Greatness is not paved by a string of successful outcomes. In fact, it is made up of failures, disappointments, and wrong turns in the road, some bad decisions, as well as high, unforgiving cliffs, and incredibly low, abysmal valleys. When I analyzed the life stories of leaders who have reached greatness in their lives, I discovered that they travelled uncharted terrains characterized by the elements I just described. In contrast, when I conducted the same analysis with those who never quite made it, I noticed that they actually gave up just when they were so close to greatness. In fact, it was Thomas A. Edison who observed that, “Many of life’s failures are people who did not realize how close they were to success when they gave up”. What explains why some press on while others give up?
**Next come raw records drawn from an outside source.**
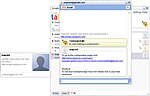 Pienoiskuva sivulle Google Talk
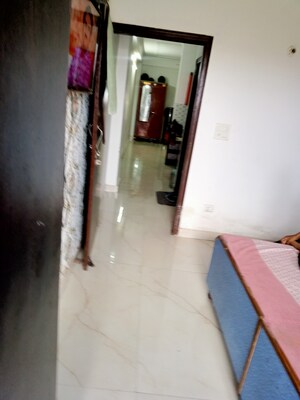 Staircase in 1 BHK Builder Floor at Neb Sarai – for Sale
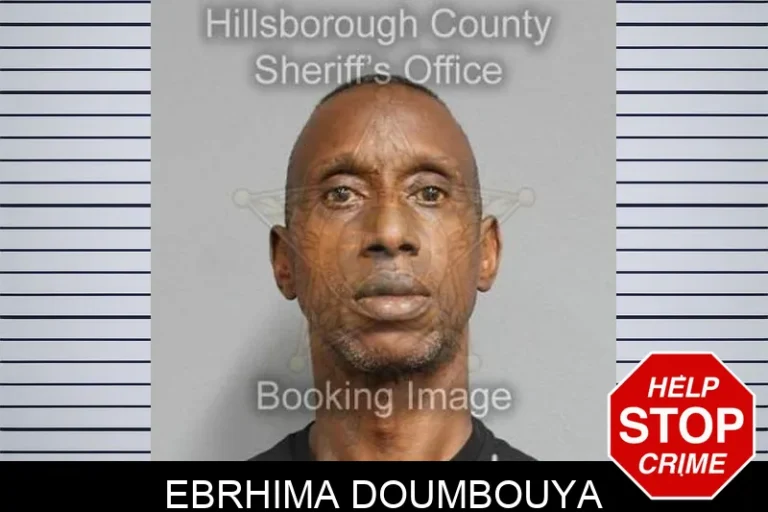 Ebrhima Doumbouya
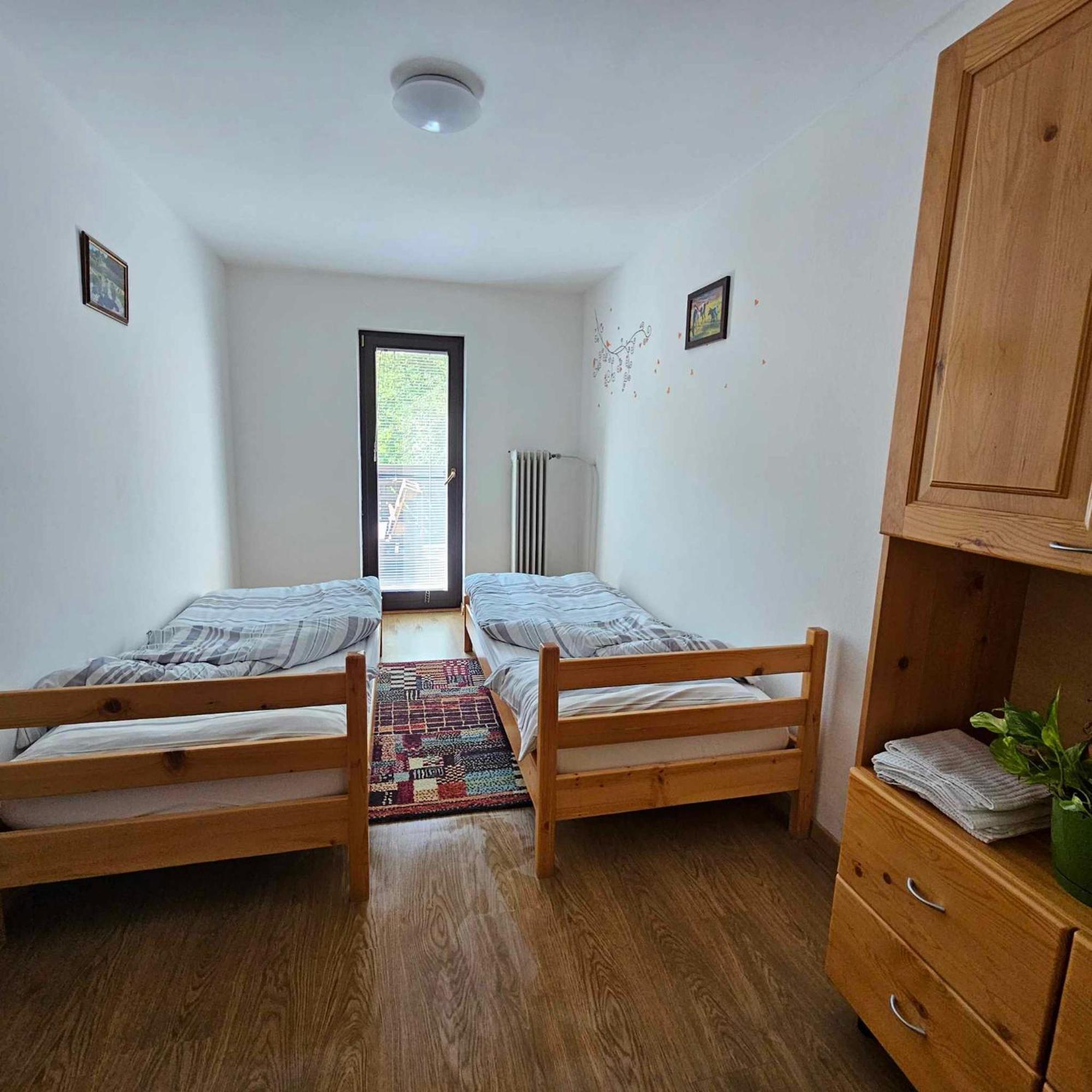 Adventure Farm Bed & Breakfast Store Luaran gambar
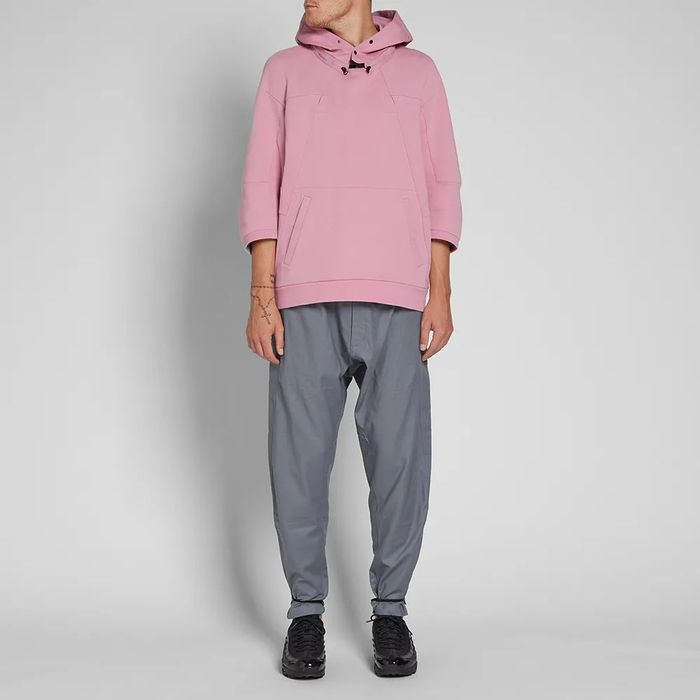 Nikelab acg hotsell component fleece top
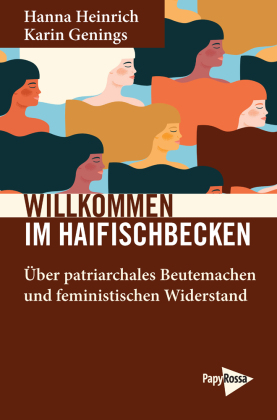 Willkommen im Haifischbecken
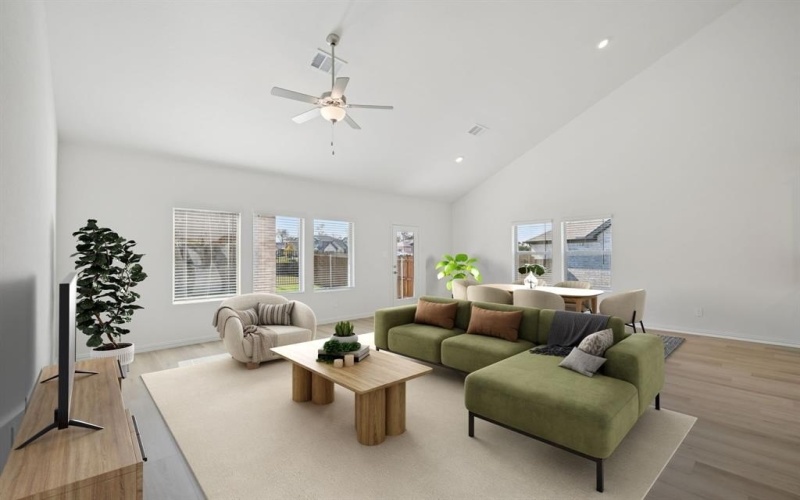 807 London Town Lane, Princeton, TX 75071, 5 Bedrooms Bedrooms, ,3 BathroomsBathrooms,Residential,For Sale,807 London Town Lane,0,21169977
Although my research is qualitative in nature and driven by my sheer curiosity to better serve my clients, the answer I arrived at is CHOICE. The choices we make in terms of decision and focus is related to our psychological flexibility. Psychological flexibility plays a critical role in how you find your direction toward greatness as well as inspire others to do the same. Let’s begin by dispelling some myths surrounding what it takes to increase your flexibility (that is, stretch your mind) and its relation to developing the talent of those around you. Let me start by sharing an “inconvenient truth” (borrowing the title from the 2006 American documentary film directed by Davis Guggenheim): The majority of people who leave their positions walk away not from the corporation, not from HR structures, but from you. Yes, you, the leader. Leaders who have been appointed as responsible for setting the direction and inspiring people to align toward that ONE direction are often mentioned in exit interviews, qualitative interviews, career transition programs, and even in our Purposeful Career Coaching program. Therefore, we must ask ourselves: What can be done to help change the statistics when, in fact, we cannot control what other people do? Do we simply keep pointing fingers? Where will these fingers point to next? I believe a far more constructive dialogue is one that focuses on changing the way we think about our work in relation to people. As an appointed leader, your job is to “Develop the ability in others to do their work”. By changing the way you think about your role, you change the way you manage talent.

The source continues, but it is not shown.